Conserva escrituras, tasaciones, facturas de reformas y comprobantes de honorarios, porque ciertos desembolsos pueden incorporarse a la base del inmueble. Mejoras orientadas a eficiencia energética, seguridad o accesibilidad no solo elevan confort, también podrían habilitar beneficios fiscales. Una carpeta digital con cronología y fotos facilita auditorías, ventas futuras y diálogo transparente con asesores confiables.
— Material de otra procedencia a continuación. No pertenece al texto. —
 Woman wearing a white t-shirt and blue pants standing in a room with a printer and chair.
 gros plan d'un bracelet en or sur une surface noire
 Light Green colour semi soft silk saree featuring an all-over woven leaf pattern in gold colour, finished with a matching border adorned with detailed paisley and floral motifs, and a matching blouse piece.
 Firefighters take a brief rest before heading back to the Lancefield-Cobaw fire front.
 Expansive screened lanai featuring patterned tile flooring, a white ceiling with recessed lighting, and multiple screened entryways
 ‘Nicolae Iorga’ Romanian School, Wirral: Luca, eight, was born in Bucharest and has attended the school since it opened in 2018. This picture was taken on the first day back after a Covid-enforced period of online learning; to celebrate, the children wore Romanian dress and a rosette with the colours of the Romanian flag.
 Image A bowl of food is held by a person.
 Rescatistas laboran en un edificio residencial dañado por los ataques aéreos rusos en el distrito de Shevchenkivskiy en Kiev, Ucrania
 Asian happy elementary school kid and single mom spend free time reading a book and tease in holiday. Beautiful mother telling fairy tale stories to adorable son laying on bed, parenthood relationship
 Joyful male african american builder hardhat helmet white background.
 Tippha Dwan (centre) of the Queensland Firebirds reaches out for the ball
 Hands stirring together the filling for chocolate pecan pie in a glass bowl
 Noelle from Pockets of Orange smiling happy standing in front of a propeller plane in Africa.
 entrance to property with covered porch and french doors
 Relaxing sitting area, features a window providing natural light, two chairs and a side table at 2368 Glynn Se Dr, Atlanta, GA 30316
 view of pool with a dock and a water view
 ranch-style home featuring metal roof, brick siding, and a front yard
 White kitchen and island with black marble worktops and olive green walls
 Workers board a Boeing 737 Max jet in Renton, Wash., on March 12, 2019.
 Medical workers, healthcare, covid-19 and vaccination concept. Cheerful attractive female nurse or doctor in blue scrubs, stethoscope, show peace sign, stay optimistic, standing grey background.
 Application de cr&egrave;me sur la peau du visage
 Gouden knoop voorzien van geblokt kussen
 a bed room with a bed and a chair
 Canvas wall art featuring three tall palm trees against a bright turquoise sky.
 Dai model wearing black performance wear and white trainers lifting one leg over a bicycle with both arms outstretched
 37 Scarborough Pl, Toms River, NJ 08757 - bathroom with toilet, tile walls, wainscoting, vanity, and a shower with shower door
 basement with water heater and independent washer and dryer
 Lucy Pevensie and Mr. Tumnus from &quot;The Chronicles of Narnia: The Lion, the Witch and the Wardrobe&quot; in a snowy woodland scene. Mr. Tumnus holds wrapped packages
Antes de vender, revisa requisitos de residencia y uso que permiten excluir parte de ganancias. Proyecta costos de corretaje, mejoras capitalizables y amortizaciones previas si alquilaste. Un calendario ordenado de ofertas, inspecciones y cierre, junto con registros impecables, reduce el impuesto final y te permite negociar con serenidad, defendiendo cada euro ganado con paciencia.